=== Requirement ===
Narrow the data below down to the lines containing "from".

Supplied material: Begin

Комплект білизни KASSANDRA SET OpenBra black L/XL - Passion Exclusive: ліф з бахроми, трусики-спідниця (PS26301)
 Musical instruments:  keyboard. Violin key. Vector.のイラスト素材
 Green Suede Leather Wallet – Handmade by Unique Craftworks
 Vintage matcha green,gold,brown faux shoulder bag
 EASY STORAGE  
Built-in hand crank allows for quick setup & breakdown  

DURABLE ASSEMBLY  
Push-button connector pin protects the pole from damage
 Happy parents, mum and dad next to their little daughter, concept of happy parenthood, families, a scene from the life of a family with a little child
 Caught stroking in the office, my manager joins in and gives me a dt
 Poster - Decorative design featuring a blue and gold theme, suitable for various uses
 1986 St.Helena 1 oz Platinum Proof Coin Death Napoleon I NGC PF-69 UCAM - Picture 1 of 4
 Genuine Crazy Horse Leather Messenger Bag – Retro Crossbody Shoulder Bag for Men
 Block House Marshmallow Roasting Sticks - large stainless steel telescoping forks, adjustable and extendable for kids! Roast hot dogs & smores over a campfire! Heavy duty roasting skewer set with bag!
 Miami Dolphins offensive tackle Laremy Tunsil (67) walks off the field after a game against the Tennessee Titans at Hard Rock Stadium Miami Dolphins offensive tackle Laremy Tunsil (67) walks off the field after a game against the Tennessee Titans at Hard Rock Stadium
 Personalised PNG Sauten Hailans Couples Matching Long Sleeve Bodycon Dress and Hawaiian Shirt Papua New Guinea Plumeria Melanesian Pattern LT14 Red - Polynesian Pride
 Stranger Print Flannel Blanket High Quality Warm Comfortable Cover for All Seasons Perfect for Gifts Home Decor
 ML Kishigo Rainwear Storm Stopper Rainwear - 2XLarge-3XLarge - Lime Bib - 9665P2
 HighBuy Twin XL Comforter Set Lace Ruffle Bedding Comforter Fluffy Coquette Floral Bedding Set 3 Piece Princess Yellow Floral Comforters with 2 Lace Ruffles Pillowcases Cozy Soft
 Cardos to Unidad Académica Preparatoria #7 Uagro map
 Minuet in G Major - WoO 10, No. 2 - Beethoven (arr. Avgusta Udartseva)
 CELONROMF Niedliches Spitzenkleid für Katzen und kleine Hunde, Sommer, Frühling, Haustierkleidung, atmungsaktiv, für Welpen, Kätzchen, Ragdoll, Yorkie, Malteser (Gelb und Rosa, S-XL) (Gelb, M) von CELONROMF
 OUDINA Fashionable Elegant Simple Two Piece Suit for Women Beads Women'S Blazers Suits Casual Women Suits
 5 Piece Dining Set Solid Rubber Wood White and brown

Supplied material: End

=== Task solution ===
Push-button connector pin protects the pole from damage
 Happy parents, mum and dad next to their little daughter, concept of happy parenthood, families, a scene from the life of a family with a little child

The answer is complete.